■ **TASK TO COMPLETE**: Keep the pictures out. Restate the entries below word for word.

■ **MATERIAL SUPPLIED**:
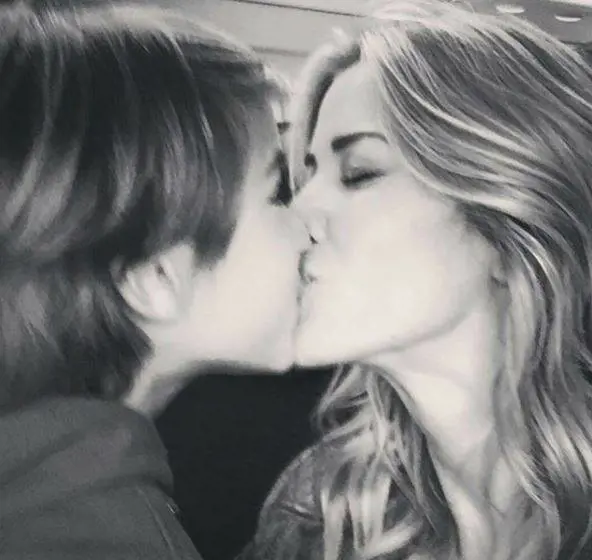 Elena Santarelli svela la malattia del figlio: "Ha un tumore cerebrale"
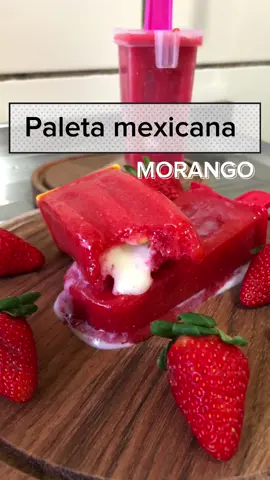 🍓 Paleta emexicana de MORANGO 🍓  Que receita gostosa! Só façam! Até meu marido que não gosta de morangos aprovou! 👍🏻 Ingredientes: 🍓400gr de morangos 🧊4 colheres (sopa) açúcar  💦2 colheres (sopa) água  🍋1 colher (sopa) suco do limão  ✅Leite condensado  Rendeu 5 paletas! Já salva para não perder! ❤️  #paleta #paletamexicana #paletamorango #morango #calor #gelado #viral #receita #receitas #receitafacil #vermelho 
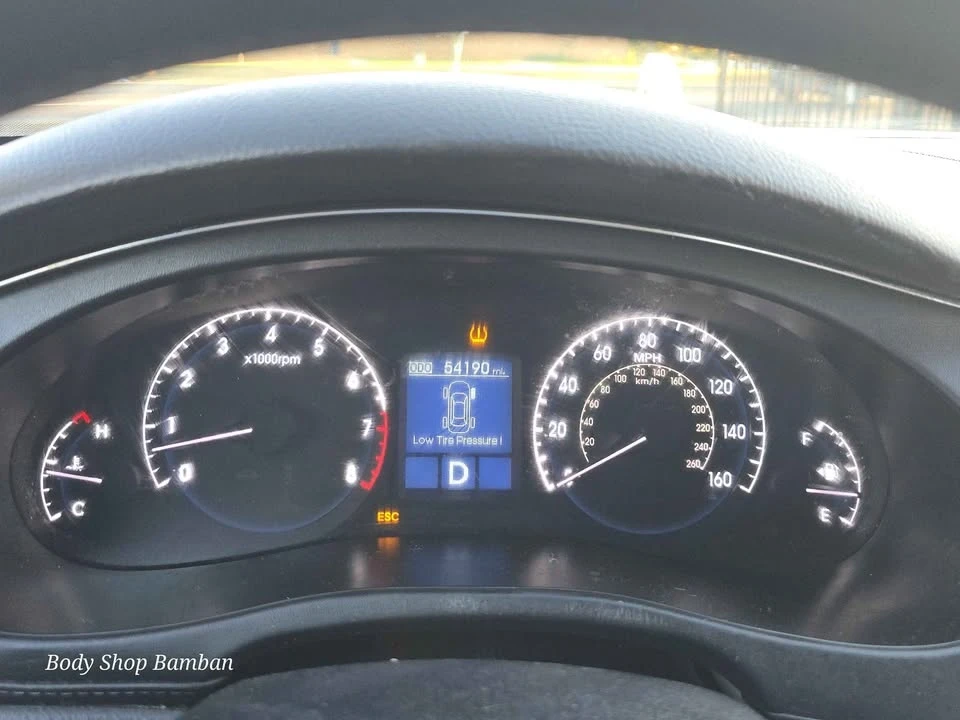2014 Hyundai Genesis - Image 14 of 20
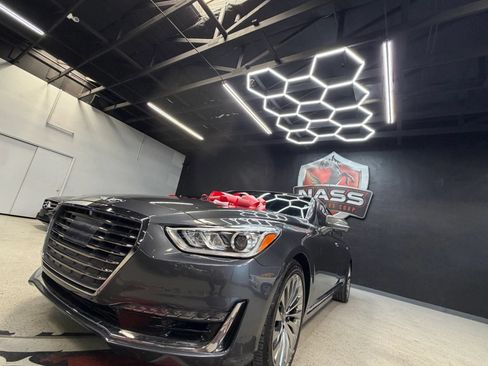 Used 2018 Genesis G90 3.3T Premium RWD image 3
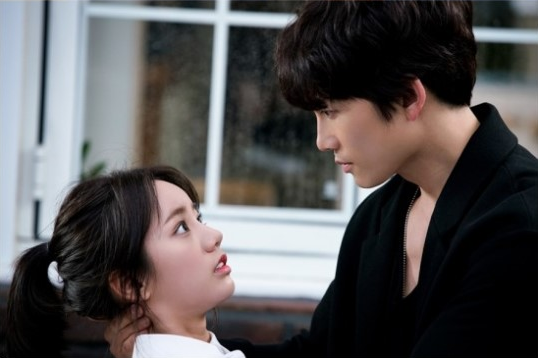Ji Sung y Hyeri aceleran corazones en las nuevas imágenes de “Entertainer”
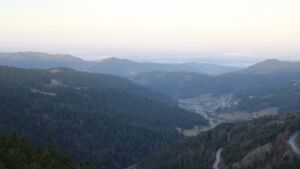 Dieses Bild zeigt eine Webcam-Aufnahme vom Achertal, aufgenommen am Donnerstag, den 18.12.2025 um 08:40 Uhr. Die Temperatur betrug 5.4°C.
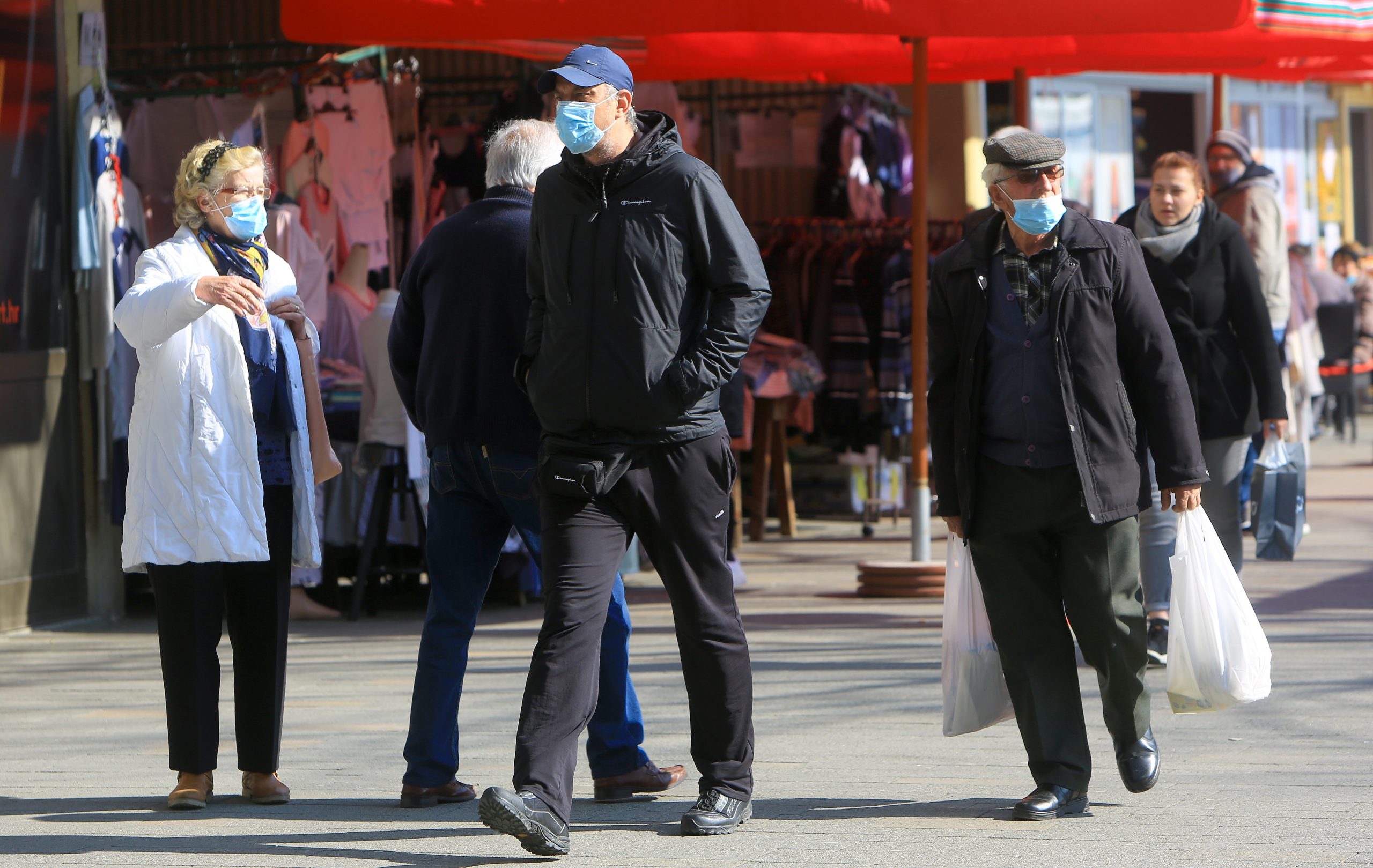 25.03.2021., Karlovac -Zbog naglog skoka zarazenih koronavirusom na podrucju Karlovacke zupanije od danas su uvedene nove stroze epidemioloske mjere. Jedna od njih je i obavezno nosenje maski na otvorenim prostorima na gdje se ocekuje veci protok ljudi, poput trznica i supermarketa bez obzira na fizicki razmak.
Photo: Kristina Stedul Fabac/Pixsell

■ **TASK ANSWER**:
 Elena Santarelli svela la malattia del figlio: "Ha un tumore cerebrale"
 🍓 Paleta emexicana de MORANGO 🍓  Que receita gostosa! Só façam! Até meu marido que não gosta de morangos aprovou! 👍🏻 Ingredientes: 🍓400gr de morangos 🧊4 colheres (sopa) açúcar  💦2 colheres (sopa) água  🍋1 colher (sopa) suco do limão  ✅Leite condensado  Rendeu 5 paletas! Já salva para não perder! ❤️  #paleta #paletamexicana #paletamorango #morango #calor #gelado #viral #receita #receitas #receitafacil #vermelho 
2014 Hyundai Genesis - Image 14 of 20
 Used 2018 Genesis G90 3.3T Premium RWD image 3
Ji Sung y Hyeri aceleran corazones en las nuevas imágenes de “Entertainer”
 Dieses Bild zeigt eine Webcam-Aufnahme vom Achertal, aufgenommen am Donnerstag, den 18.12.2025 um 08:40 Uhr. Die Temperatur betrug 5.4°C.
 25.03.2021., Karlovac -Zbog naglog skoka zarazenih koronavirusom na podrucju Karlovacke zupanije od danas su uvedene nove stroze epidemioloske mjere. Jedna od njih je i obavezno nosenje maski na otvorenim prostorima na gdje se ocekuje veci protok ljudi, poput trznica i supermarketa bez obzira na fizicki razmak.
Photo: Kristina Stedul Fabac/Pixsell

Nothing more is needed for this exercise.